BEIJING (Reuters) - German chemical giant BASF <BASFn.DE> diverted some products to Europe from its Chinese clients following a coronavirus outbreak that has disrupted logistics and delayed factories from resuming operations.
Shanghai BASF Polyurethane Co, a joint venture of BASF and China's Sinopec Assets Management Corp and Shanghai Huayi Group Co, provisionally exported 3,150 tonnes of toluene diisocyanate (TDI), a raw material widely used in automobile and construction, to Europe, said China's customs on Friday.
The products were bonded to sell to BASF's Chinese clients who pushed back the orders amid the flu-like coronavirus that has killed 1,380 and infected more than 63,000.
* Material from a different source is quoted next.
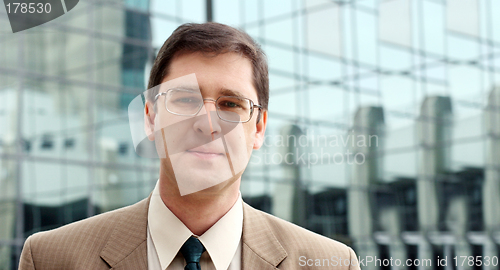 Image of Young businessman in front of the office building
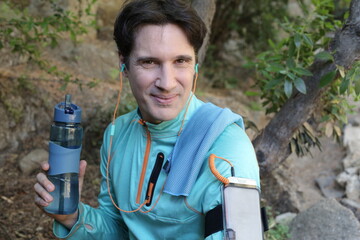 Healthy sportsman holding water bottle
The Chinese government has prolonged the Lunar New Year holiday for an extra week and encouraged companies to put workers returning for work from their hometown into quarantine for 14 days, in order to rein in the spread of the virus.
Some companies are still unable to resume production and some roads in the country remain blocked.
"Although the company had adopted emergency measures to reduce operation, inventory at the storage tanks reached the upper-limit," said the General Administration of Customs in a statement on Friday.
Chemical companies would face hefty costs and safety risks when shutting down and restarting in a provisional situation.
"We have been taking necessary precautions to ensure our operation stability at the coronavirus outbreak," said a spokeswoman at BASF in China.
"Although there have been individual supply or distribution interruptions in China, the overall impact to our operation is limited at the moment."